Provided entries
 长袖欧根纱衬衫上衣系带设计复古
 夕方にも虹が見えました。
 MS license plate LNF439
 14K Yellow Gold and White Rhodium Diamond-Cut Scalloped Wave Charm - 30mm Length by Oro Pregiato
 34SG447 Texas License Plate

==

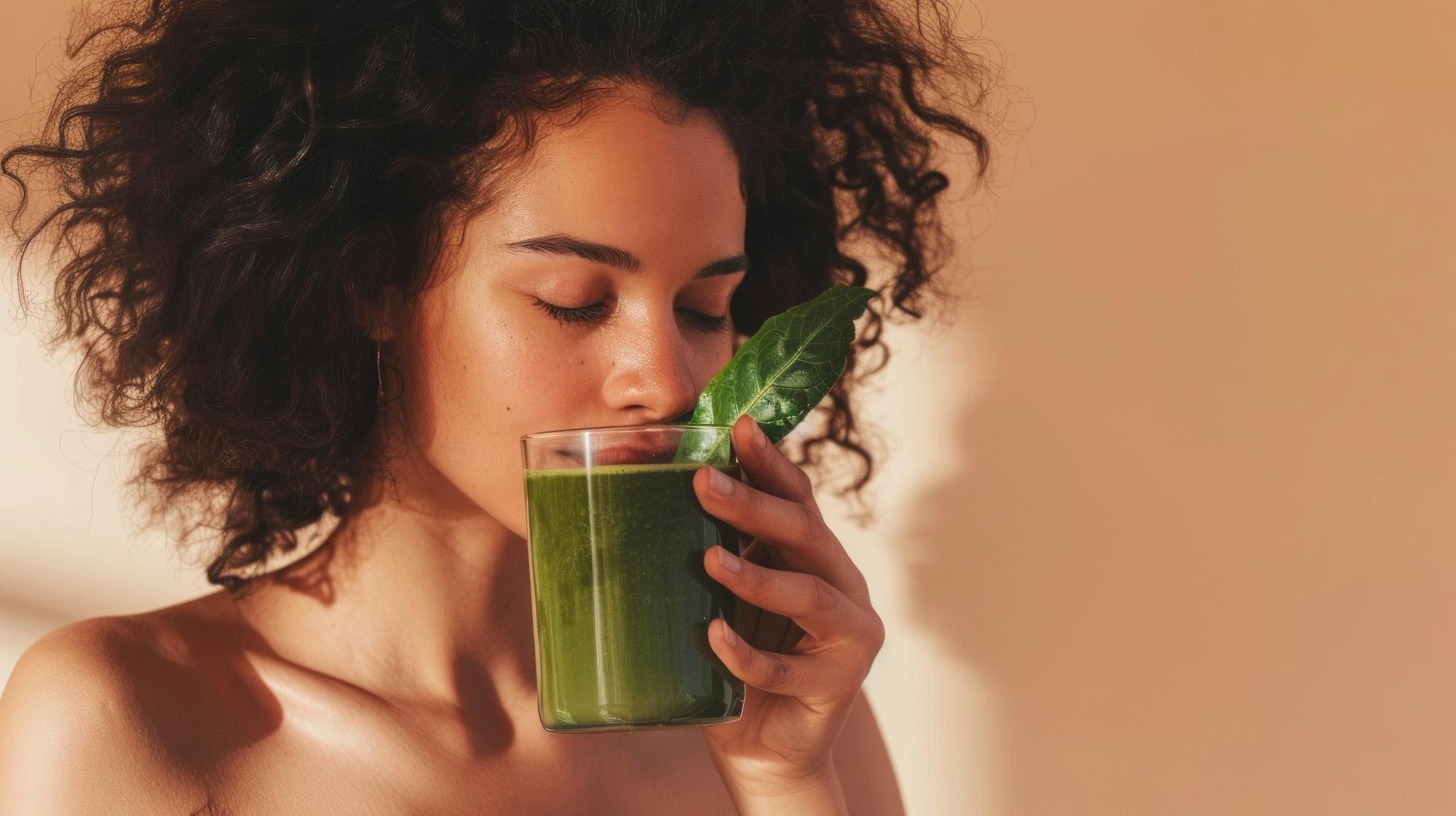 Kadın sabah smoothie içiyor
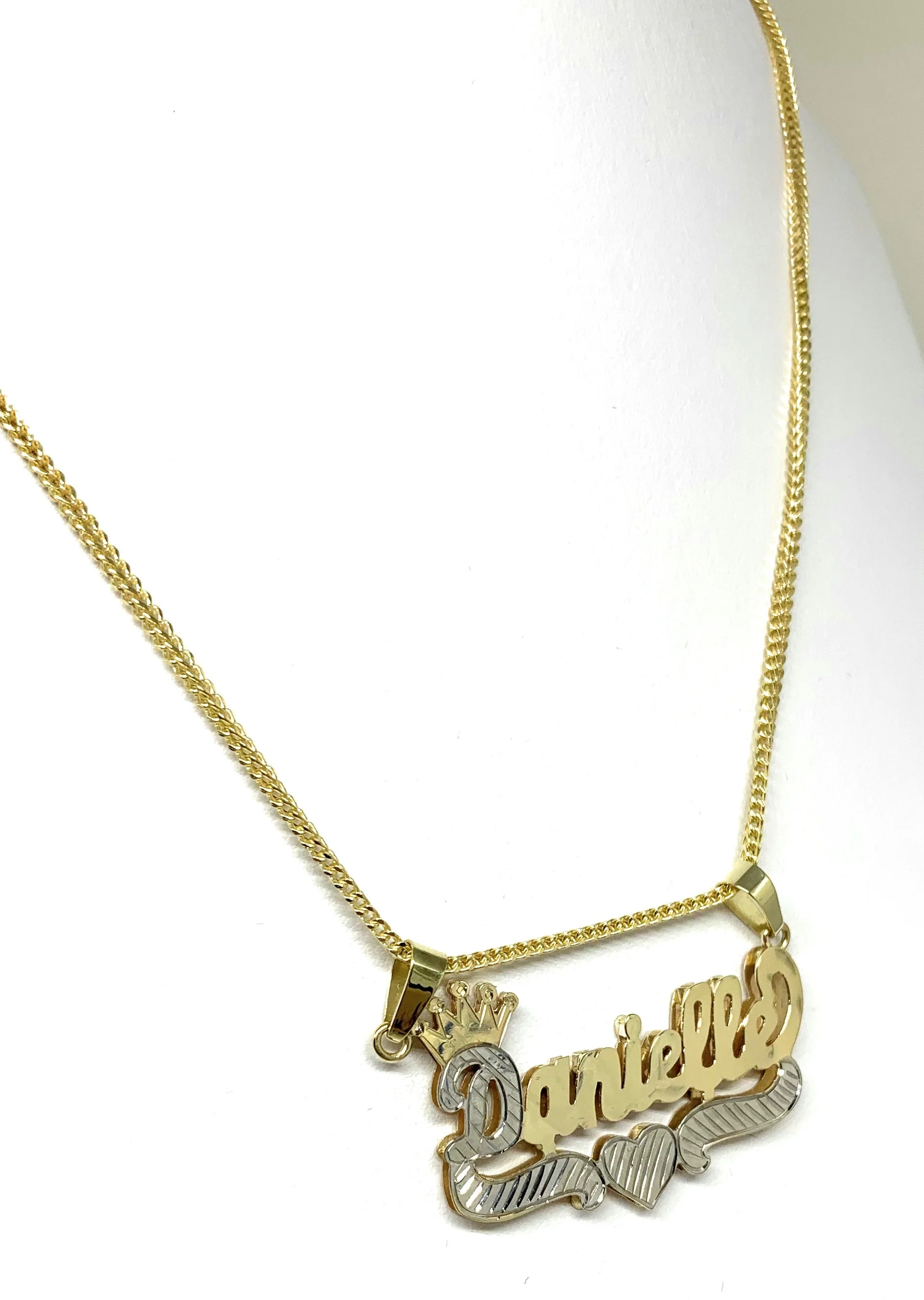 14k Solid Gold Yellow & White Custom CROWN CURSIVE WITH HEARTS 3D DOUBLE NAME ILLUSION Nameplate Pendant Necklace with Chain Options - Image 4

Goal of the exercise
All that should be written out is the stretch of lines above between the one holding "长袖欧根纱衬衫上衣系带设计复古" and the one holding "34SG447 Texas License Plate", inclusive, exactly as given.

Exercise response
 长袖欧根纱衬衫上衣系带设计复古
 夕方にも虹が見えました。
 MS license plate LNF439
 14K Yellow Gold and White Rhodium Diamond-Cut Scalloped Wave Charm - 30mm Length by Oro Pregiato
 34SG447 Texas License Plate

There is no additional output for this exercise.